Disclaimer: Since Medicaid rules and insurance regulations are updated regularly, past blog posts may not present the most accurate or relevant data. Please contact our office for up-to-date information, strategies, and guidance.
It’s common for Medicaid planners to coordinate VA and Medicaid benefits. While most applicants receive VA benefits prior to needing Medicaid, once they start receiving Medicaid benefits, they only collect $90 per month from the VA. While this is common knowledge for most, what you may not know is the way VA benefits are handled when a person receives a divestment penalty before they receive Medicaid benefits. While not covered in the M21, the Krause Agency believes, from our experience, that the VA benefits won’t have to be reduced throughout the penalty period.
The VA claimant would qualify for full VA benefits during the divestment penalty period due to the fact that his/her unreimbursed medical expenses (UME) would surpass their income. Medicaid won’t pay for the bill, however, until the expiration of the penalty period after the claimant applies for Medicaid. Because of this, the person may collect 100 percent of the VA benefit during the penalty period and, as such, this must be accounted for when Medicaid planning. The whole VA benefit counts toward figuring out the person’s total income when managing an Individual Gifting / MCA plan. That figure is used to calculate the plan.
The VA claimant could suffer a penalty at their annual review if the VA benefit is not considered when making the aforementioned calculations. If this amount isn’t counted for, the individual will receive too much income from the MCA which will critically affect the Income for VA Purposes (IVAP). If this occurs, one of two things will happen: either the claimant will have to either pay back all funds expended to them or they may lose their VA benefits altogether. It’s best to just count those benefits right away to avoid being subject to financial penalties.

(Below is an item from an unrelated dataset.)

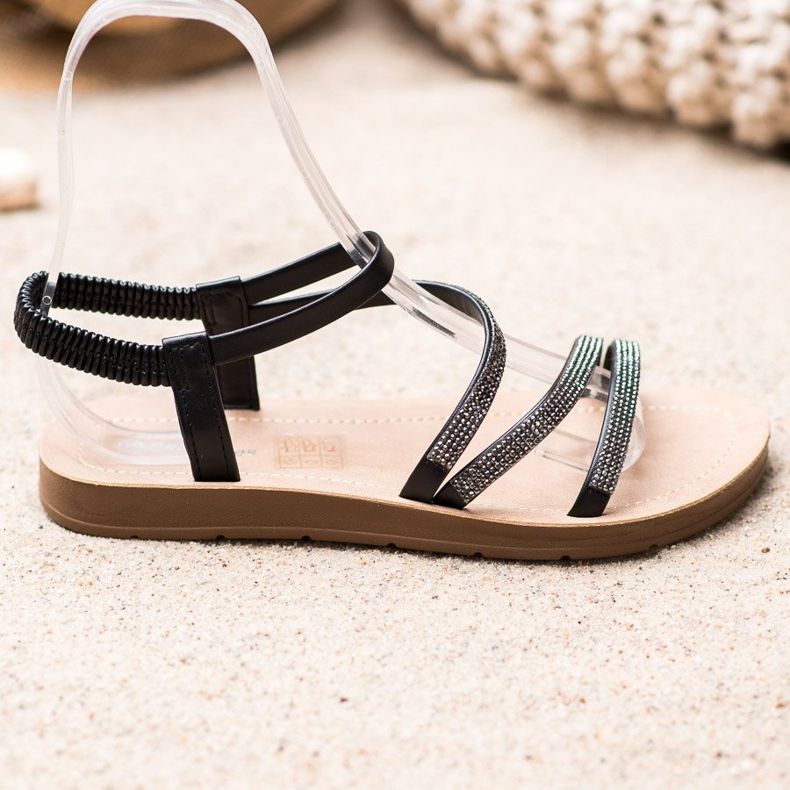 Sea Elves Sandalias elegantes sin cordones negro 1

Before assuming this process is as straightforward as it looks, there are a few challenges individuals should be prepared to anticipate. For example, trying to qualify for both VA and Medicaid benefits at the same time could lead to complications. This is due to the six- to eight-month average period after applying for VA benefits before the applicant begins receiving them. If the individual is expecting the benefit to come this must be taken into account when they conduct the Individual Gifting/MCA plan. Failing to do this will result in being over-resourced, which will have obvious negative effects on their benefits.
To negate this possible issue, the applicant will need to enter into a promissory note with the giftee or giftees, who will then need to advance the VA benefit amount every month until the individual starts receiving benefits from the A&A Program. The individual will then pay off the remaining balance on the promissory note after the receipt of the lump sum benefits.
The receipt of a large lump sum of assets can be another obstacle VA and Medicaid planners may encounter. Receipts from these large lump sums is an aspect of Medicaid planning. Let’s take a look at an example. If a Medicaid planner cures a previous gift, the individual’s VA eligibility will be disrupted if they’re already collecting VA benefits. Both the individual’s total resources and total income will be affected by the receipt of the asset. If this were to occur, VA benefits would probably purposely end. This way, the client may go forward with Medicaid planning and not have to worry about penalties affecting qualification for VA benefits.